Search code examples
mongodbmongodb-queryaggregation-frameworkmongodb-explain

In the mongodb explain, does it reveal the number of documents fetched from disk vs ram?


Let's suppose that a query examined 1 million records and returned 1000 of them.

In the explain of the query, does it reveal how many of the 1 million records examined needed to be fetched from SSD/HDD and how many of the 1000 returned docs needed to be fetched from SSD/HDD?

If so, which properties reveal this information?


Solution

  • No, for several reasons:

    • explain does not have access to that information.
      The mongod server is split into 2 discreet layers - database logic and storage engine. When a process in the database layer needs a document, it fetches it from the storage layer.

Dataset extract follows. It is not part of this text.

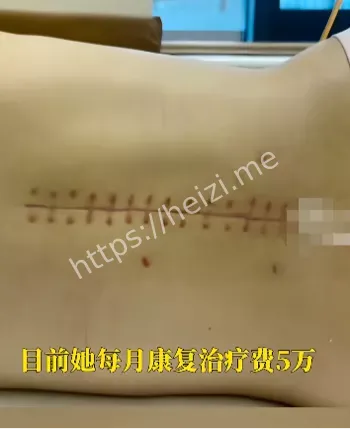 道德争议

The storage layer will pull it from cache if it is there, otherwise it requests it from the disk. Note that the operating system also maintains a cache, so the request from disk may be serviced from the filesystem cache instead of reading from disk. When the storage layer returns the document to the database layer, it does not indicate where it was fetched from.
    • with default options, explain does not fully execute the query.
      The default is to evaluate each candidate plan for a short period, and select the plan the produces the most results for the least amount of work during the test. Unless you specify the "executionStats" or "allPlansExecution" options, none of the plans are fully executed.
    • with execution stats option, the other plans are still tested, so threads other than the winning plan may have already pulled documents into the cache.
      When explain tests each plan it is partially executed, which will involve reading indexes and fetching documents, so there will always be something in the cache before the full execution begins.

    That information is also not static, so it would not be especially helpful if it were included in the explain output. Even from one execution of explain to the next what is already in the cache can change.

    You can use database profiling to monitor or log query execution so that you can see how much time various executions of the query spend waiting on cache or disk.